The Bruins (1-5, 1-2 Pac-12) entered the day one of four winless teams in the FBS as part of their worst start since 1943. But UCLA dominated the trenches against the Golden Bears (3-3, 0-3) to give Kelly his first win as a college coach since leaving Oregon for the NFL following the 2012 season.
Kelley scored on a 5-yard run to cap a 59-yard drive set up by a fumble by Patrick Laird in the first quarter. Then, after Cal finally got on the board with Laird’s 1-yard run on the opening drive of the second half, Kelley and the Bruins answered with two straight scoring drives capped by Kelley’s 1-yard runs that made it 27-7.
He has been a bright spot in a down season for UCLA, becoming the first Bruins player with three straight 100-yard games since Jordon James in 2013.
Keisean Lucier-South put the capper on the rout with a 38-yard fumble return for a score after one of Cal’s five turnovers.

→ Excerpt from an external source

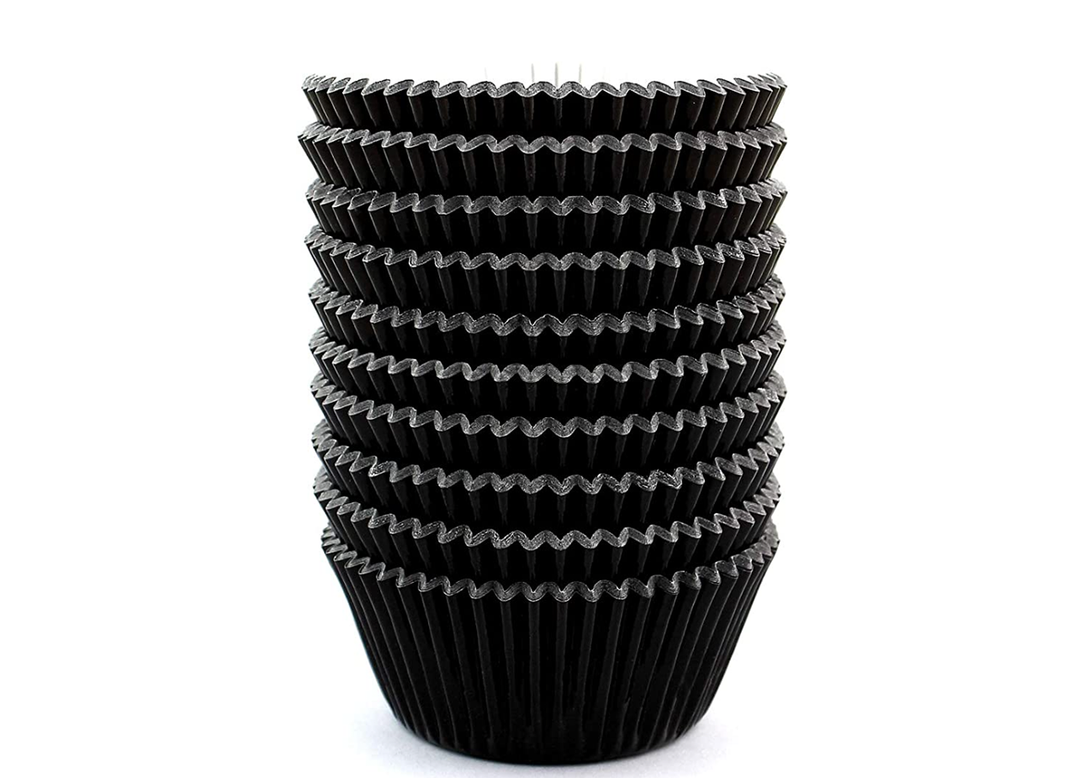 Metallic Black Disposable Paper Cupcake Liners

“We’re starting to figure it out,” safety Adarius Pickett said. “We’re starting to figure it out in all phases. ... It’s an amazing feeling. The team is excited.”
The Bears dropped their third straight conference game after starting the season 3-0 and getting into the AP rankings for the first time since 2015. The offense struggled for any consistency outside of the 75-yard drive to open the third quarter. Cal was stopped twice on fourth-and-short in the second half, dooming any hopes of a comeback.
Brandon McIlwain completed 22 of 40 passes for 168 yards but was held to minus-2 yards rushing, lost two fumbles and threw two interceptions.
“Total team loss,” coach Justin Wilcox said. “We didn’t anything well enough to win the game and we need everybody, we need everybody to perform better, the entire program.”